— Prompt —
Please, from the entries below, transcribe exactly the lines that begin at the line with "Cute Smiling Cartoon" and end at the line with "Warehouse interior with", without the pictures.

— Entries supplied —
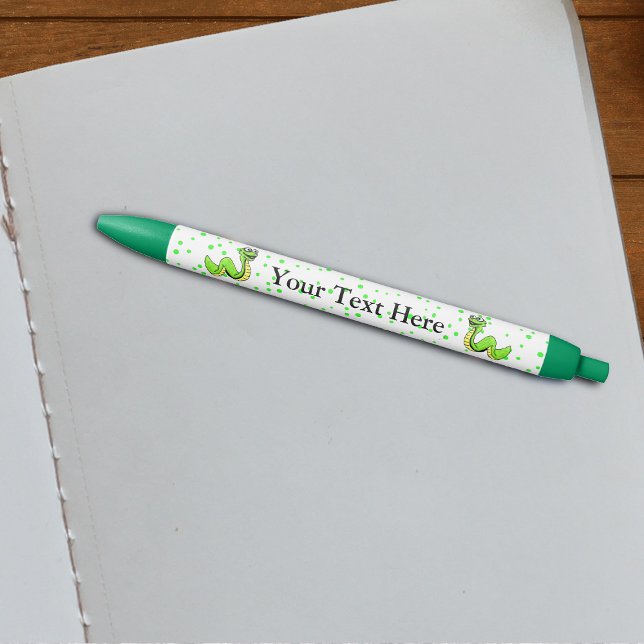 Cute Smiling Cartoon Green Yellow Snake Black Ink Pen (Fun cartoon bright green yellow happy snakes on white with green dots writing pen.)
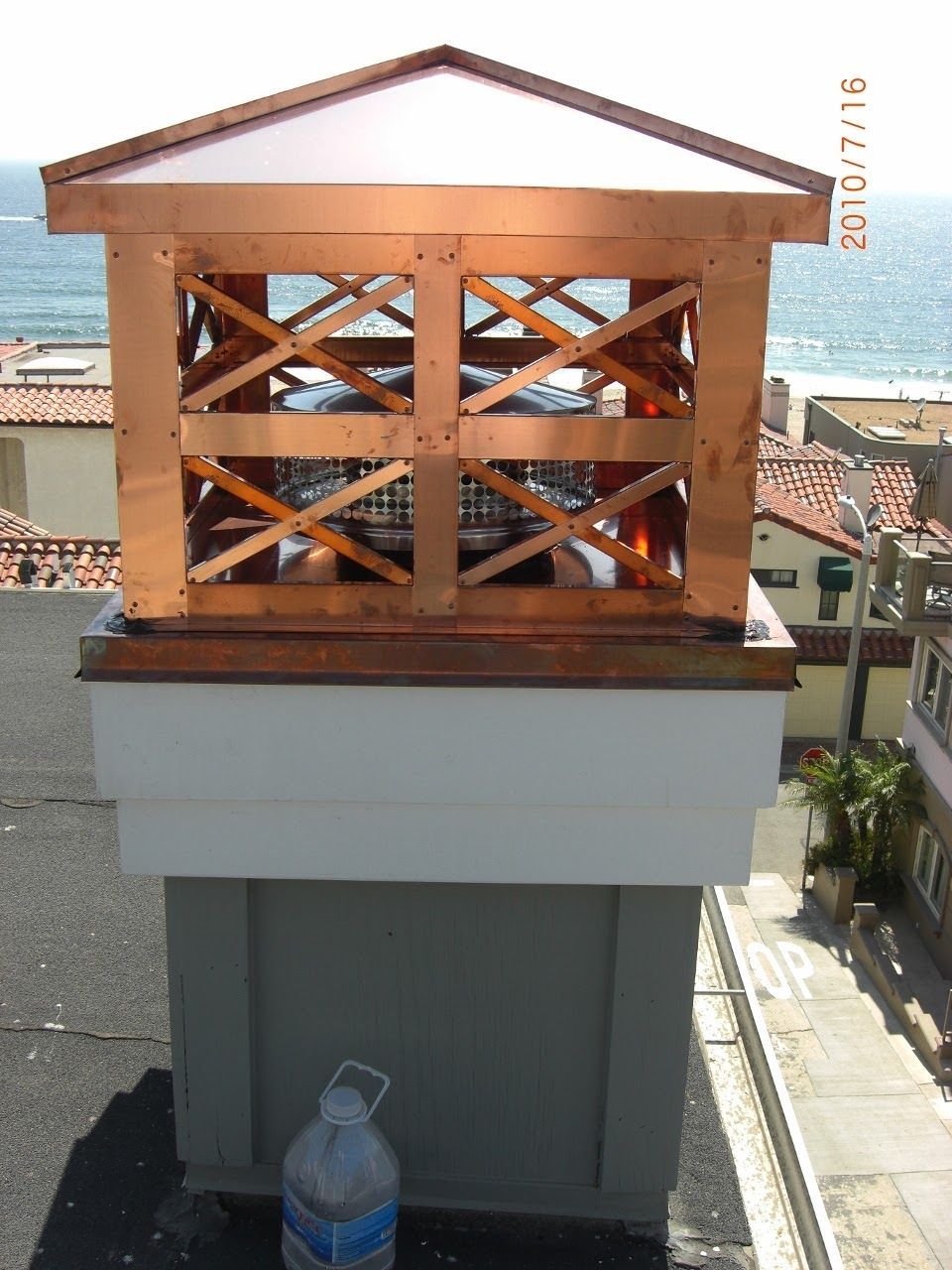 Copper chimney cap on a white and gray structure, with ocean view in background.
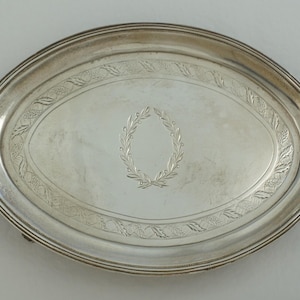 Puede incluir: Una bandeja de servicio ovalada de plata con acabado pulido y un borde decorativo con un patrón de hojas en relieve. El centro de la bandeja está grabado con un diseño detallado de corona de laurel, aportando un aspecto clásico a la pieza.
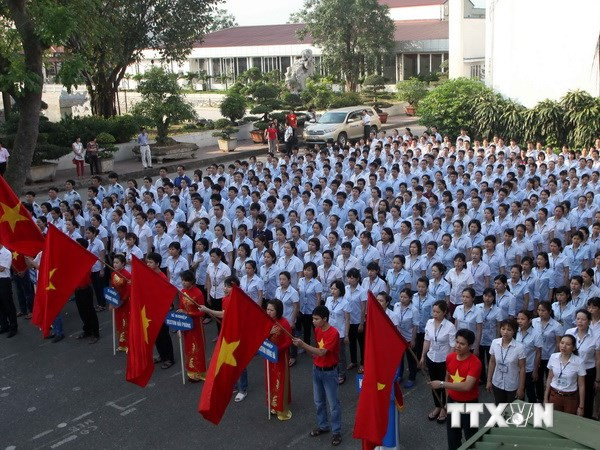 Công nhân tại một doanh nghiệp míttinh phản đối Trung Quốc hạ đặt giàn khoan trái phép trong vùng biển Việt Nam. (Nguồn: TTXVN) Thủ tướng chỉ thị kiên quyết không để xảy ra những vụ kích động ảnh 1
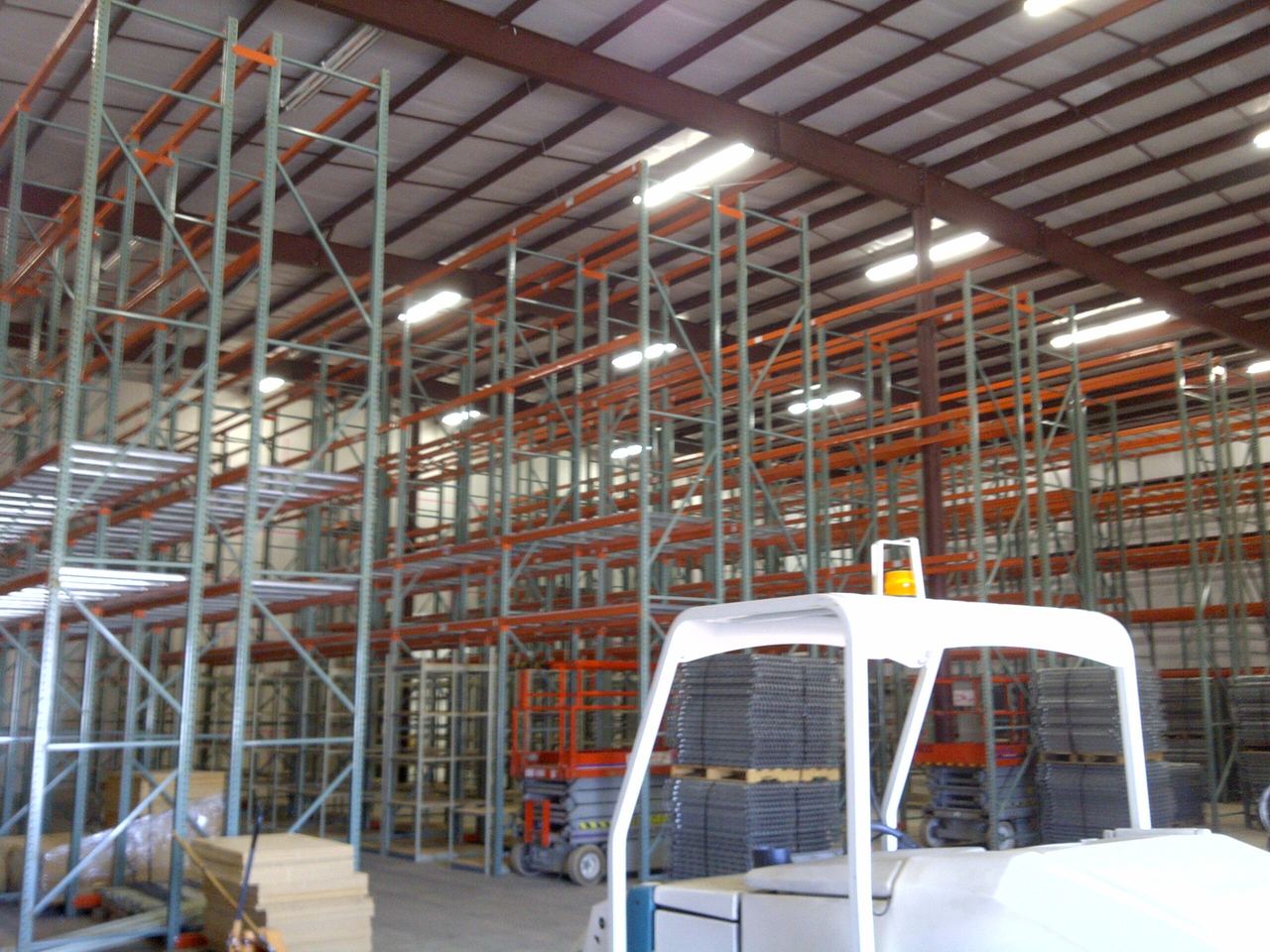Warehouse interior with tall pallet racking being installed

--

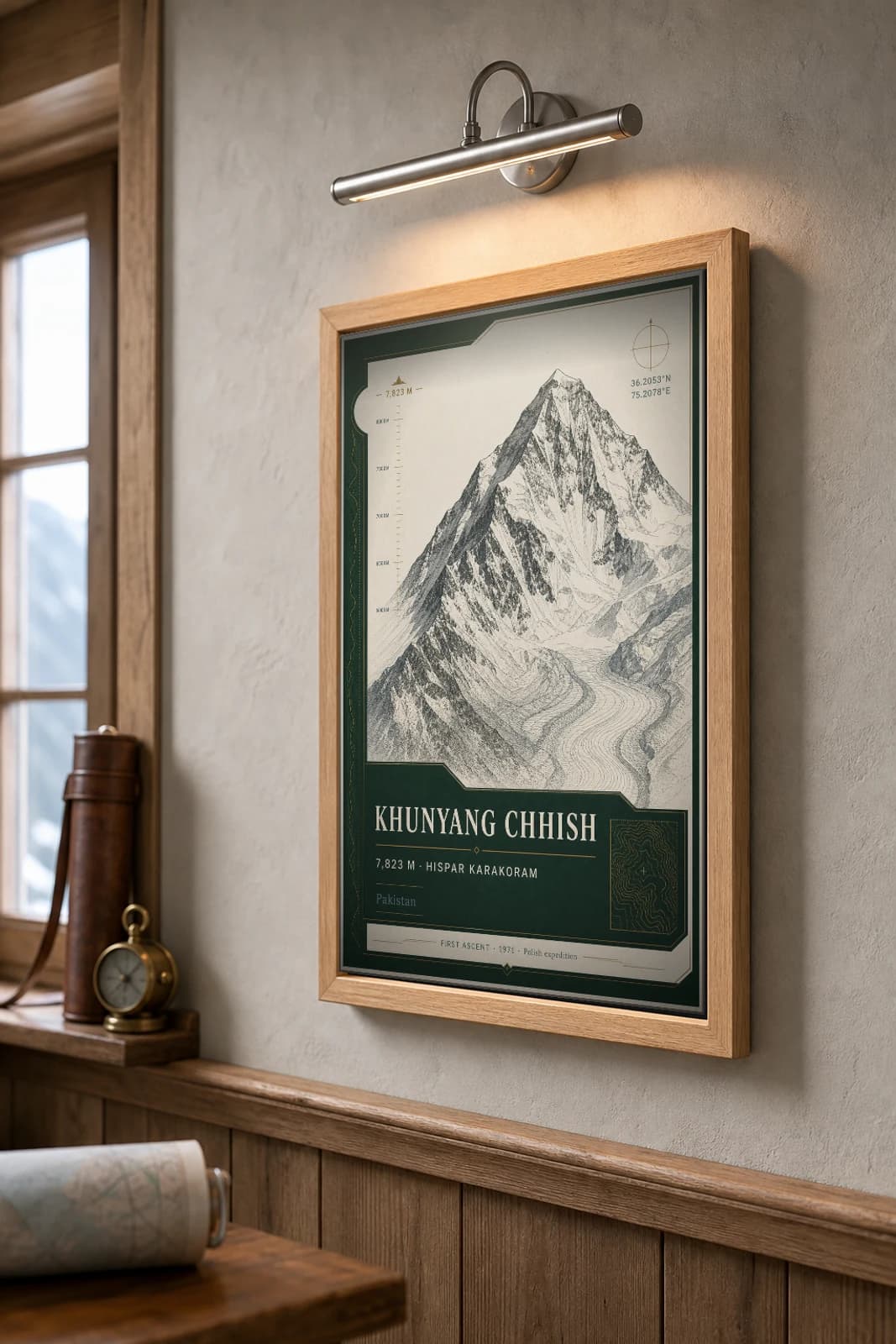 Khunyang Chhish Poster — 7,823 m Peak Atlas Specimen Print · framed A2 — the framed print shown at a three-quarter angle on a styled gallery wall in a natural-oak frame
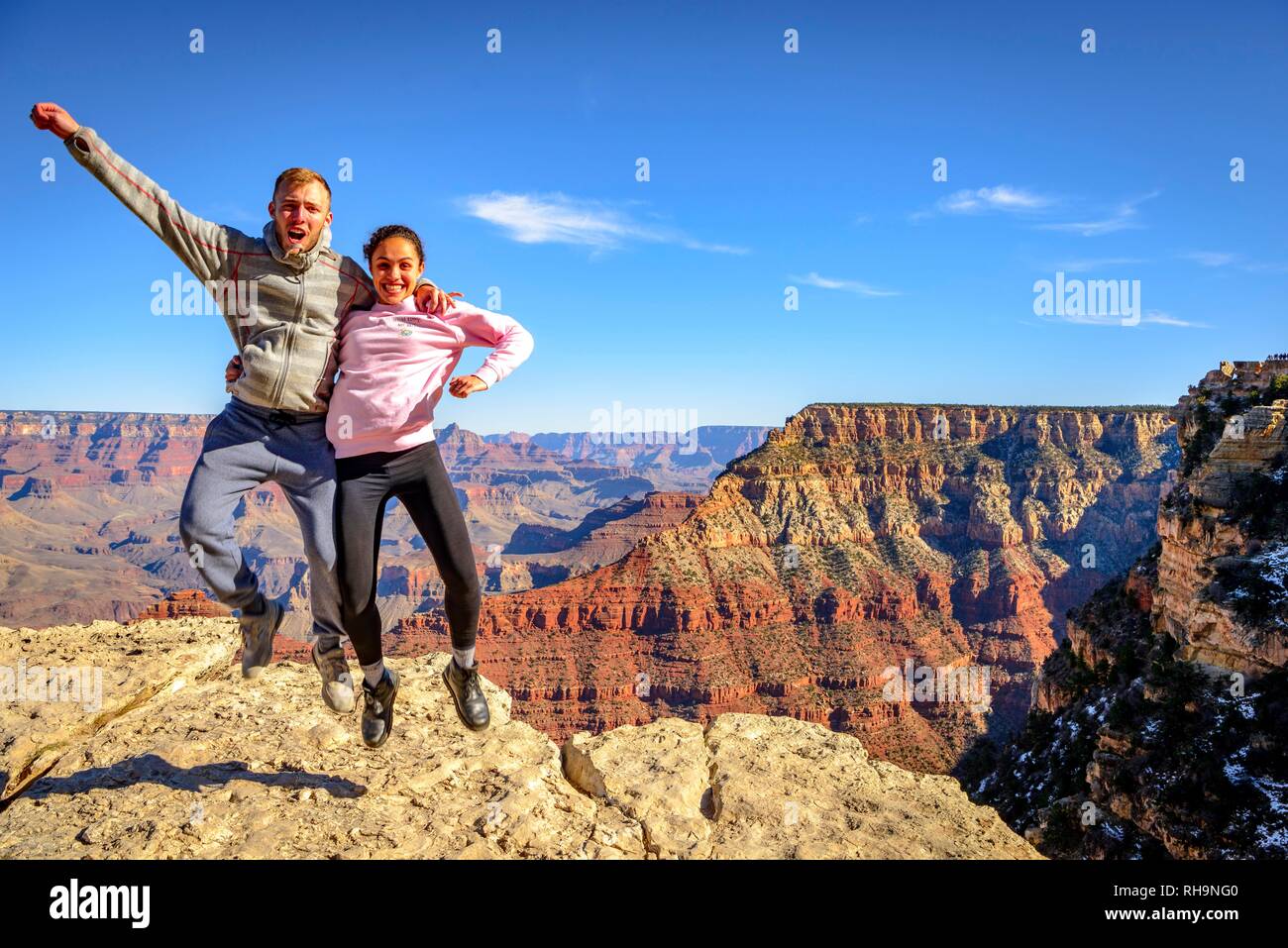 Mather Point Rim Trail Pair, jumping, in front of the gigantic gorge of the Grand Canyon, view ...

— Output for this task —
 Cute Smiling Cartoon Green Yellow Snake Black Ink Pen (Fun cartoon bright green yellow happy snakes on white with green dots writing pen.)
 Copper chimney cap on a white and gray structure, with ocean view in background.
 Puede incluir: Una bandeja de servicio ovalada de plata con acabado pulido y un borde decorativo con un patrón de hojas en relieve. El centro de la bandeja está grabado con un diseño detallado de corona de laurel, aportando un aspecto clásico a la pieza.
 Công nhân tại một doanh nghiệp míttinh phản đối Trung Quốc hạ đặt giàn khoan trái phép trong vùng biển Việt Nam. (Nguồn: TTXVN) Thủ tướng chỉ thị kiên quyết không để xảy ra những vụ kích động ảnh 1
Warehouse interior with tall pallet racking being installed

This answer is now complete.